5 – Make Music (All The Time)
Habituate yourself with making music a lot! Push yourself into creating even when you don’t feel like it, especially when you don’t feel like it. This will reset you to a “new normal” in which your brain says, “Hmmm…boredom used to mean ‘watch tv but now it means, fiddle with chords or write random lyrics.” When you press on even when you don’t feel like it, you build the habit of coming back and pressing through that first layer of resistence. This is 0 on the dial. From there all you can do is rise. Pick up that Ableton Push, keyboard, or pen and paper. Grab your guitar or bongos. Fiddle and see just how long that “boredom” lasts.
6 – Collaborate
Even when collaboration is bad, it’s good. Interfacing with other musicians, seeing how they do things and trying to mashup your styles, thoughts, and melodies is an extremely educational process. Find artists who complement your style, and collaboration can be nothing short of transcendent. You’ll be doing it feeling like you’re on top of the world. You’ll also be building great relationships with artists that transcend all the superficial filler stuff of casual conversation. Make things with other people and co-promote those projects. Do it for the team. Do this well and see who else comes a-knockin’ on your front door.
7 – Find Influences–Everywhere
If you’re Southern Rock, why not listen to some Indian tabla music? If you’re EDM, how about taking a plunge into Led Zeppelin’s earliest stuff. Search wide then delve deep with something piques your interest. Only nearly every other successful musician on the planet has done this, so perhaps you should do it too.

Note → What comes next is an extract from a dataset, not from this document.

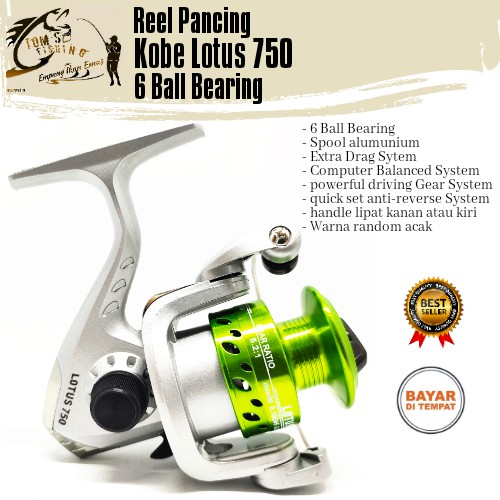 Reel Pancing Kobe Lotus 750 (6Bearing) Spool Alumunium
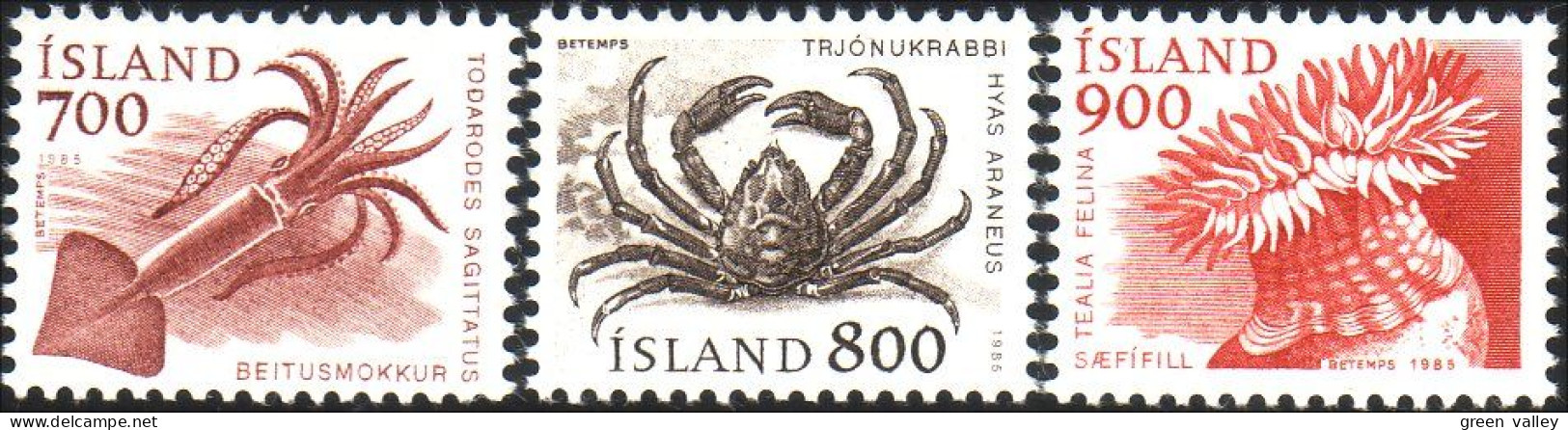 496 Iceland Crab Calamar MNH ** Neuf SC (ISL-152) - Crustaceans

8 -Practice (Even When You Don’t Need To)
The basics need a tuneup again and again. Got a tendency to speed up when you play drums? Practice your good old four on the floor. If you sing, do those vocal warmups and get to the higher registers of your voice. Regular practice will keep your tools sharp and ready. When you’re ready to create or perform, they’ll be there at your disposal.
9 – Create For The Sake Of Creating
When people get caught up in creating solely for the money, fame, or success, things get weird and a-kilter. If you want to stay grounded, follow your passion and keep on going back to the well, creating more and more. If and when you get lost, your art will show you the way back. Remember, without your art, you are not whole. To stay whole, stay on-point, and inspired, always create something new.
10 – Learn What Works & Repeat
As you confront all the wonderful, bitter, and exhausting experiences that are inevitably tied up with the reality of being a DIY musician in today’s world, reserve some space and time to look at what you’re doing. Take notes or journal about what works and what doesn’t work for you. Put on your anthropologist’s hat and notate the time, place, and mood surrounding your last super-productive writing session. Look at what you eat, how much you sleep, and see what gets you in optimum shape for creating.